A significant portion of the future leadership of the CofCs stands poised to make decisions about what it means to minister among God’s people and what it means to be the church in light of often reductionistic, arrogant, and sectarian tendencies among the CofCs on one hand and many wholesome and hopeful options outside the RM on the other. Loyalty to a tradition is an insufficient basis for this decision. Commitment by way of loyalty is out of step with the RM in any event, for if there seems a “better” way of being the church, the Restoration impulse is to pursue it at all cost, including tradition.

In one sense, then, if future leaders (and others) are leaving the CofC because the tradition is unwilling to continue the work of restoration, they are not leaving the RM but rather the CofC has left it. This all begs the question: What is Restoration? That question stands at the heart of the NR dialogue, as does the assumption that what it has been is not necessarily what it should be. The answer(s) will clarify what value or contribution the RM has within greater Christianity, what distinguishes and will distinguish it from non-Restoration branches of Christianity, whether it is capable of engaging the postmodern world, what its steady decline signals, and many other important matters.

A vision for the future of the RM.

Inherent in the concept of NR is a tension between what is and what should be, between tradition and vision, between already and not yet. “Neo” is indicative of a passionate, unrelenting pursuit of greater coherence to the kingdom that has broken in with Jesus of Nazareth and is breaking in through God’s ongoing initiative. This is not a backward-looking, precedent-bound way of being. Instead, NR is the struggle to discern and participate in the new thing God is doing. It is the eschatological orientation toward “the restoration of all things” (Acts 3:21) that redefines Restoration for us in terms of what God has yet to do.

At the same time, “Restoration” is necessarily rooted in what was. Even in regard to the eschatological dimension, God’s unfulfilled intention is his initial intention.
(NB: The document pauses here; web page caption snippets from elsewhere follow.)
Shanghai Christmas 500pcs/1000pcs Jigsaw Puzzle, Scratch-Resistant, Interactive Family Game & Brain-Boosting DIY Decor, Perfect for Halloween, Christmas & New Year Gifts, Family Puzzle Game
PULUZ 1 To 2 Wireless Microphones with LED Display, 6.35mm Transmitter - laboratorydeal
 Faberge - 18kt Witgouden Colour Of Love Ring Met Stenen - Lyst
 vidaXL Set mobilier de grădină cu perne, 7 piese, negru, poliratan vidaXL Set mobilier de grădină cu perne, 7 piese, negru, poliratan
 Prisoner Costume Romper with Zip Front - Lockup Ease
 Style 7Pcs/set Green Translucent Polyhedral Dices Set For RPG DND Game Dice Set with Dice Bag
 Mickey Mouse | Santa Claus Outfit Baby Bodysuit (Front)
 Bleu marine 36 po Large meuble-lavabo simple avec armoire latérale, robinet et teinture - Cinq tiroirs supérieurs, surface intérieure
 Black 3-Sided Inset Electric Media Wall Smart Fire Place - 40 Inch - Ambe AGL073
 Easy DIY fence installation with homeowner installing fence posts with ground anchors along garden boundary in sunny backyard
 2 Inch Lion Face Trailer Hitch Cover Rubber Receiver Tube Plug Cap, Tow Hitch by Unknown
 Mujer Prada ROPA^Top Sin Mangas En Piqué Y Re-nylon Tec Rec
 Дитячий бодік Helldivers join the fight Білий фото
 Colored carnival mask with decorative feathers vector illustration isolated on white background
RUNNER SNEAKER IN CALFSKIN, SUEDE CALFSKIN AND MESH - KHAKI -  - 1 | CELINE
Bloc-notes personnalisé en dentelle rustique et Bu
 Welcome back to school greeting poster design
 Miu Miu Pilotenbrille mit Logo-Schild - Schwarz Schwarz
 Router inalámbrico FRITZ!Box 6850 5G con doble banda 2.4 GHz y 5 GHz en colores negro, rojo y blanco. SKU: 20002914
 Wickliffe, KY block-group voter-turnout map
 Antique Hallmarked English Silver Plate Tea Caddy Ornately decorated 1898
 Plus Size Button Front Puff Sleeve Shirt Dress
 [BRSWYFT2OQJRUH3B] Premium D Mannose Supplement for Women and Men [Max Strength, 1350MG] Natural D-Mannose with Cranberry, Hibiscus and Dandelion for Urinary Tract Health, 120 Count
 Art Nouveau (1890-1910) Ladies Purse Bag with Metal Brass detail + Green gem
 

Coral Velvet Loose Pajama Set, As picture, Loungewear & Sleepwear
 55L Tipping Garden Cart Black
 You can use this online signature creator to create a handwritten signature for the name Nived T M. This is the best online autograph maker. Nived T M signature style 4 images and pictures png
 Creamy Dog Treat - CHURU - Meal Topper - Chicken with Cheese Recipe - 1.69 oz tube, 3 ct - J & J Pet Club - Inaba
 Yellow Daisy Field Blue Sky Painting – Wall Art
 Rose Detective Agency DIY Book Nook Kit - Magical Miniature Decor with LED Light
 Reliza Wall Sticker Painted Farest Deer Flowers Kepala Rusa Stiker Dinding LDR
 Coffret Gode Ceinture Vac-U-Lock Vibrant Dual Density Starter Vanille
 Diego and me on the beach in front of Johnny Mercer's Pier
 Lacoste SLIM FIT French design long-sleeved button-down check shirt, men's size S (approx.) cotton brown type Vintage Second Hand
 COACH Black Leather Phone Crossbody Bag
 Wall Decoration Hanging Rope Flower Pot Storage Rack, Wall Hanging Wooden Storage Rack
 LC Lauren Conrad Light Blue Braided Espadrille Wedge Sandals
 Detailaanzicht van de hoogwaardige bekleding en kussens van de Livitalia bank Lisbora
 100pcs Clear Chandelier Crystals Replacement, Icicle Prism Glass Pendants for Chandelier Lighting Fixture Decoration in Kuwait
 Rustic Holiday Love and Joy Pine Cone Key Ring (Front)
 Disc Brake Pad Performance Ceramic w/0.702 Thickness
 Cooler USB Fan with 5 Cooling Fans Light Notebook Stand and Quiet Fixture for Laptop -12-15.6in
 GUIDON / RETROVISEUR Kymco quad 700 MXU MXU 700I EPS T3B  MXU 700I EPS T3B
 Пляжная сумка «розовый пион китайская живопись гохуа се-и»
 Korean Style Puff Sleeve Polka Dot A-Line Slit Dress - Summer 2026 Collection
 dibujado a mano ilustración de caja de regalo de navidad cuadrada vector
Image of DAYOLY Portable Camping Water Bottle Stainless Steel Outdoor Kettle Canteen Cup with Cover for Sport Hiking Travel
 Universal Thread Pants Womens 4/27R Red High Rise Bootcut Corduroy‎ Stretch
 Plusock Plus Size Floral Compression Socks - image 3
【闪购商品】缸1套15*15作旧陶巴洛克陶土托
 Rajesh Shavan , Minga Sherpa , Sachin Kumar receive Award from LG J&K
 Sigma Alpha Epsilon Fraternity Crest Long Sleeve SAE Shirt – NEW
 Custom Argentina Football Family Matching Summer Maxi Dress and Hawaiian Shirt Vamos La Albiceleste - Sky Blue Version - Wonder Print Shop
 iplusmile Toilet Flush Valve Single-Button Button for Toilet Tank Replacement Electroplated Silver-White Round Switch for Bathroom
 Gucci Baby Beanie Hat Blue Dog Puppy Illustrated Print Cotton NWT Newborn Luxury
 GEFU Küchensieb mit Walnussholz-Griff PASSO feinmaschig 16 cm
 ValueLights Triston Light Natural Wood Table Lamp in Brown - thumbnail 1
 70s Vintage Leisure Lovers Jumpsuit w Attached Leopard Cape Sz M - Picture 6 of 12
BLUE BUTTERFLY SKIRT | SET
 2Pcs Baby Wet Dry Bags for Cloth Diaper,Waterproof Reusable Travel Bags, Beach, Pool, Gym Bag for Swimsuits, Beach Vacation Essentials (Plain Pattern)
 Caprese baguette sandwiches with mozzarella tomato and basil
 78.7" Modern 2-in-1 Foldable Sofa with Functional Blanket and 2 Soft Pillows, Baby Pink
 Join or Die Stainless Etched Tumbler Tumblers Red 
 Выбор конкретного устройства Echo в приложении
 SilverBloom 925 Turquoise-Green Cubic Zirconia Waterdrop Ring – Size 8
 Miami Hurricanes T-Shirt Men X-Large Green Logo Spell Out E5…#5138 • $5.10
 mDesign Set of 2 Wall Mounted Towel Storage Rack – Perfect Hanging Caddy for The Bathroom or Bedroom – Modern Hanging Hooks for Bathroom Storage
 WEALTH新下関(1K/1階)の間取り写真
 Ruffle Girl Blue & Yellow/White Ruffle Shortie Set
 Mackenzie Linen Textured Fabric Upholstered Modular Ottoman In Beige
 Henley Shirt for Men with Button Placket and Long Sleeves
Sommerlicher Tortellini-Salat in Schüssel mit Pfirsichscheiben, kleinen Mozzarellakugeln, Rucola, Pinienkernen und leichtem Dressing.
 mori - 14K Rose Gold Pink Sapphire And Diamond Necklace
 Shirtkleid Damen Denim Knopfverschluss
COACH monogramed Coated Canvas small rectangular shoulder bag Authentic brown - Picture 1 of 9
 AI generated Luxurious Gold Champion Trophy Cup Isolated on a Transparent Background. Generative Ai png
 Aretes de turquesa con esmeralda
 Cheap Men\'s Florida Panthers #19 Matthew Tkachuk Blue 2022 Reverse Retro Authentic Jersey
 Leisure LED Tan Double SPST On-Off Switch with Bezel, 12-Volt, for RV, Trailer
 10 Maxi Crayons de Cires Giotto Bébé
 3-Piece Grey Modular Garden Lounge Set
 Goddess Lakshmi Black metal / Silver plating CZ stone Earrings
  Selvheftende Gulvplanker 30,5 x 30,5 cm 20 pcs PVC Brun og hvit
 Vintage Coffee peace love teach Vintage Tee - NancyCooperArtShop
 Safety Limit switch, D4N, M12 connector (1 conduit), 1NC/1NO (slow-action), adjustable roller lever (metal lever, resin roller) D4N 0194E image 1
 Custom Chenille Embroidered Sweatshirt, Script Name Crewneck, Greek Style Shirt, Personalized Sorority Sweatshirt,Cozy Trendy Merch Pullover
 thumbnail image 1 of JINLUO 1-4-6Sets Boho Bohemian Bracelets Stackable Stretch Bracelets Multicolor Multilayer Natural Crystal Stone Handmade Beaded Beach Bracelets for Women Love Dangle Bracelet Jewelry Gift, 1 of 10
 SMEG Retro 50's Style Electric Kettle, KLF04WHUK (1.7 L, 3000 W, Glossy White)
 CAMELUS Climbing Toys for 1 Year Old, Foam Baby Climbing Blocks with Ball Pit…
For NR, there is necessary and appropriate continuity with the historical RM. Thus, in the very act of acknowledging the RM as a legitimate church tradition, NR reshapes the restorationism with which it is continuous—a restorationism that sought to reject all tradition and would not (or could not) admit its own tradition. By claiming continuity with the RM, NR creates discontinuity.
This is merely demonstrative of the many healthy tensions that characterize NR. NR, therefore, is not an attempt to separate from the RM but a hopeful vision of reforming it—of restoring it. It is a vision predicated on the many positive facets of the RM—some of which were actualized in history, some of which have been obscured, and some of which merely remained dormant potentialities. It is a vision inspired by the hopeful progressiveness and adaptability inherent in the RM’s commitment to pursue God’s original, ultimate intentions at all cost.